Omdat niets meer is vernomen van partijen is op 5 mei 2011 aan verkopers een brief verzonden waarin gemeld wordt dat de notaris zich genoodzaakt ziet om vanaf heden €   300,00 excl. BTW per maand aan administratiekosten in rekening te brengen voor het "bewaren" van de verkoopopbrengst. Het recht om kosten in mindering te brengen op het depotbedrag is mogelijk op grond van de Algemene Voorwaarden. Verkopers zijn akkoord gegaan met deze Algemene Voorwaarden en om die reden kon er een bedrag worden ingehouden.

4.6

Op deze brief van 5 mei 2011 is niets vernomen en op 21 september 2011 is er telefonisch contact met klager geweest over de verdeling. Van verkoopster was toen nog geen bericht ontvangen.

4.7

Op 8 december 2011 is verzocht het depotbedrag op rekening van de advocaat van klager over te maken. O p 14 december 2011 is daartoe de akkoordverklaring van de advocaat van verkoopster ontvangen. Diezelfde dag is het depotbedrag verminderd met de inhouding van een bedrag van € 1.000,00 excl. BTW overgemaakt. Uit coulance is niet het bedrag van € 300,00 excl. BTW per maand in rekening gebracht, maar is het totaalbedrag beperkt tot € 1.000,00 excl. BTW.

4.8

Door klager is nimmer bezwaar gemaakt tegen de door de notaris expliciet opgegeven kosten, ondanks dat dit in diverse telefoongesprekken en brieven naar voren is gekomen. Van een telefoongesprek van de zijde van klager naar aanleiding van de brief van 5 mei 2011 is niets bekend. Op het kantoor wordt aan tijdschrijven gedaan en dit telefoongesprek is daarin niet terug te vinden.

5.         De beoordeling

5.1

Ter beoordeling van de Kamer staat of de notaris heeft gehandeld in strijd met de tuchtnorm als geformuleerd in artikel 98 van de Wna. Een notaris is aan tuchtrechtspraak onderworpen ter zake van enig handelen of nalaten in strijd met hetzij enige bij of krachtens deze wet gegeven bepaling of een op deze wet berustende verordening, hetzij met de zorg die hij als notaris behoort te betrachten ten opzichte van degenen te wier behoeve hij optreedt, alsmede ter zake van enig handelen of nalaten dat een behoorlijk notaris niet betaamt. 

5.2

Voor wat betreft het excessief declareren door de notaris overweegt de Kamer als volgt.

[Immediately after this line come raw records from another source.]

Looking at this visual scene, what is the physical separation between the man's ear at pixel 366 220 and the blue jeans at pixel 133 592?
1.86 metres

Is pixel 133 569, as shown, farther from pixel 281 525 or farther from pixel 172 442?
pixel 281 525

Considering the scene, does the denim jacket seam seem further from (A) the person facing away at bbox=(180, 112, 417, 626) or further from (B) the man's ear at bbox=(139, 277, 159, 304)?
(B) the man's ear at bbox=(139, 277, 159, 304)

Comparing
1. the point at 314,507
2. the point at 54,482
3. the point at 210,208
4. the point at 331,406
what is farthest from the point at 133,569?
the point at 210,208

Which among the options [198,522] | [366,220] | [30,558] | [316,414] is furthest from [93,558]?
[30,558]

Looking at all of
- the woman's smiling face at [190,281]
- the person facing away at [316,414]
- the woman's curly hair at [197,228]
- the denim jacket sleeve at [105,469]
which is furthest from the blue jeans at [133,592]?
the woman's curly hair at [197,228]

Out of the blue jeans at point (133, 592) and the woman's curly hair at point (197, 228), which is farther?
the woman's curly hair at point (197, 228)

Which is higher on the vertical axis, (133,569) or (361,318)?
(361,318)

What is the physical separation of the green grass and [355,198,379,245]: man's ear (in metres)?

Ingevolge artikel 51, eerste lid Wna is de notaris is verplicht om op verzoek van de cliënt een rekening van zijn honorarium voor ambtelijke werkzaamheden en de overige aan de zaak verbonden kosten op te maken, waaruit duidelijk blijkt op welke wijze het in rekening gebrachte bedrag is berekend. In het tweede lid is bepaald dat indien er over de bedoelde rekening een geschil ontstaat dit bij voorzitter van het bestuur van de ring kan worden voorgelegd.

Voor zover de klacht ziet op de hoogte van de nota is de Kamer van oordeel dat grond van artikel 55 1id 2 Wna een geschil over een declaratie door de meest gerede partij kan worden voorgelegd aan de voorzitter van het bestuur van de ring van de Koninklijke Notariële Beroepsorganisatie. Derhalve is dit onderdeel van de klacht niet-ontvankelijk.

5.3

Voor wat betreft het declareren zonder dat daartoe een duidelijke afspraak is gemaakt overweegt de Kamer als volgt.

Voor wat betreft de ontvankelijkheid overweegt de Kamer dat, nu de klacht gericht is op het nalaten duidelijke afspraken te maken dit onderdeel van de klacht ontvankelijk is.

De Kamer overweegt dat de notaris klager en mw. [X] reeds bij brief van 5 mei 2011 heeft geïnformeerd dat hij zich genoodzaakt acht administratiekosten in rekening te brengen en dat hierop geen reactie is ontvangen van partijen. Pas in september 2011 is er telefonisch contact geweest met klager en uiteindelijk zijn op 14 december 2011 de akkoordverklaringen door de notaris ontvangen en kon het geld worden overgemaakt op de rekening van de advocaat van klager.

Gelet op het vorenstaande is de Kamer van oordeel dat de notaris niet onredelijk gehandeld heeft, nu aan klager duidelijk is aangegeven bij brief van 5 mei 2011 dat er een bedrag in rekening gebracht zal worden. De Kamer zal dit onderdeel van de klacht ongegrond verklaren.

5.4

Voor wat betreft het zonder recht of titel inhouden van een bedrag overweegt de Kamer als volgt.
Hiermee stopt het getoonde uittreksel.